§ What you will do
When you retype the data, keep every word exactly and include none of the pictures.

§ Dataset extract
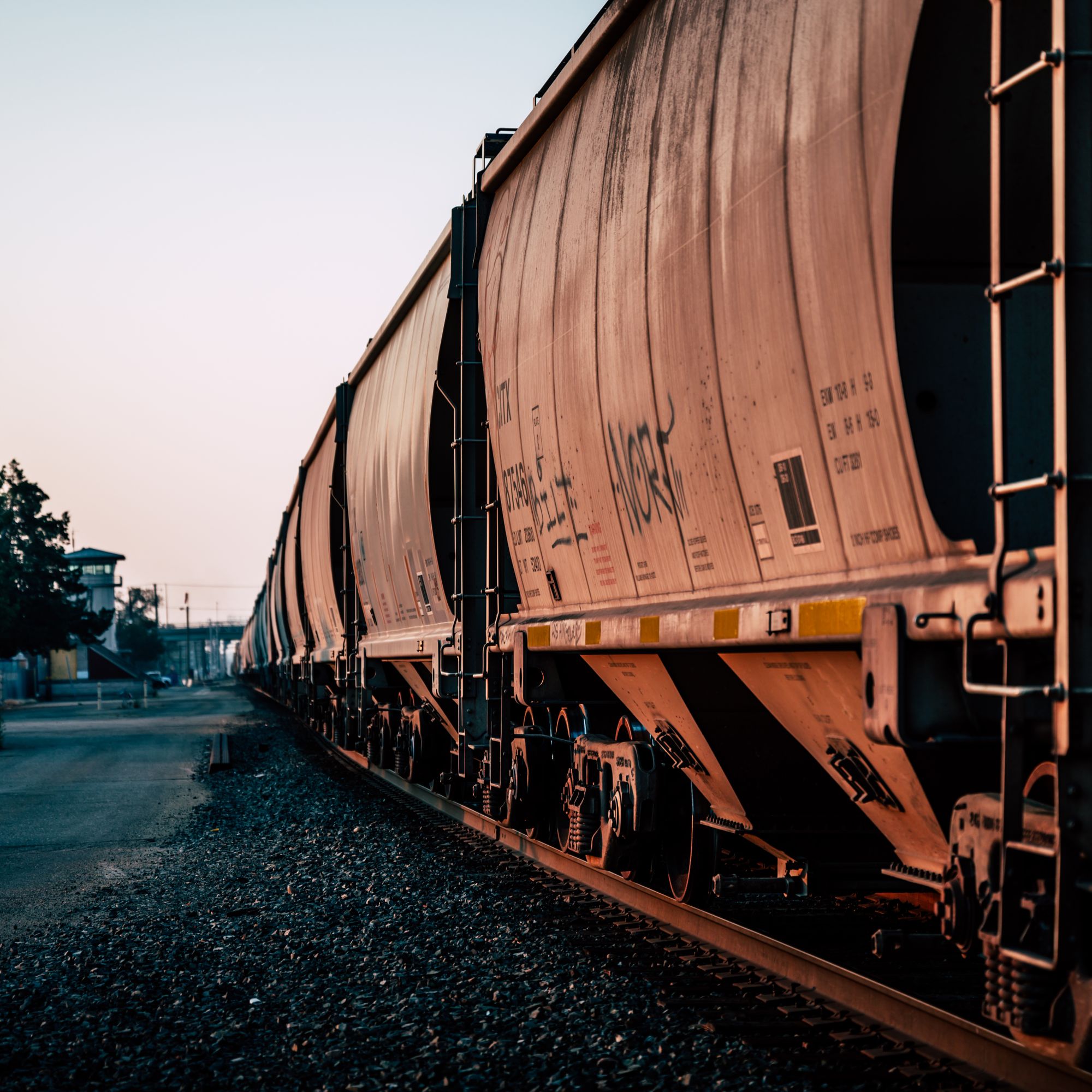 Freight train on an empty railway station track
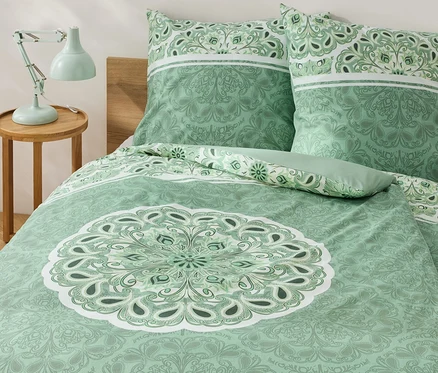 Grüne Renforcé-Bettwäsche mit Mandala auf einem Bett.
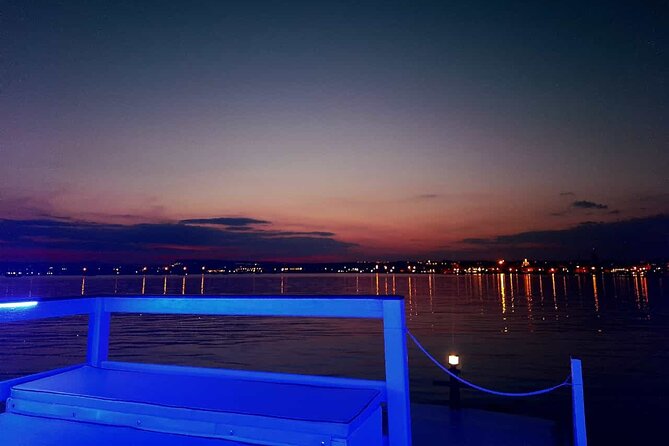 Sunset boat tour with aperitif and swimming break - The Ortigia circumnavigation: Cathedral views, bridge lines, and waterfront character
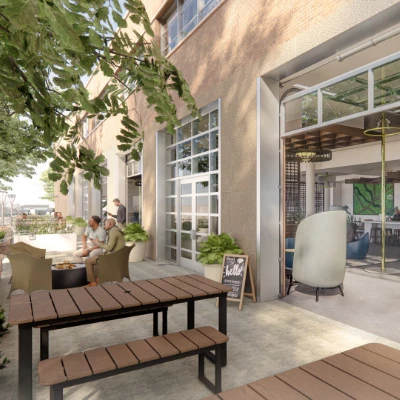 a building with a group of people sitting outside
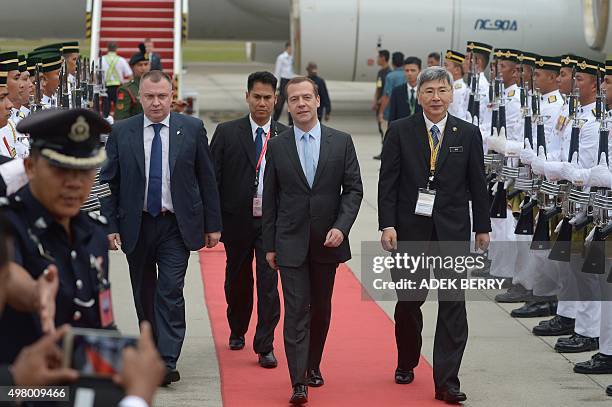 Russia's Prime Minister Dmitry Medvedev arrives to attend the 27th Association of Southeast Asian Nations Summit, at the Bunga Raya Complex at the...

§ Response box
 Freight train on an empty railway station track
 Grüne Renforcé-Bettwäsche mit Mandala auf einem Bett.
 Sunset boat tour with aperitif and swimming break - The Ortigia circumnavigation: Cathedral views, bridge lines, and waterfront character
 a building with a group of people sitting outside
 Russia's Prime Minister Dmitry Medvedev arrives to attend the 27th Association of Southeast Asian Nations Summit, at the Bunga Raya Complex at the...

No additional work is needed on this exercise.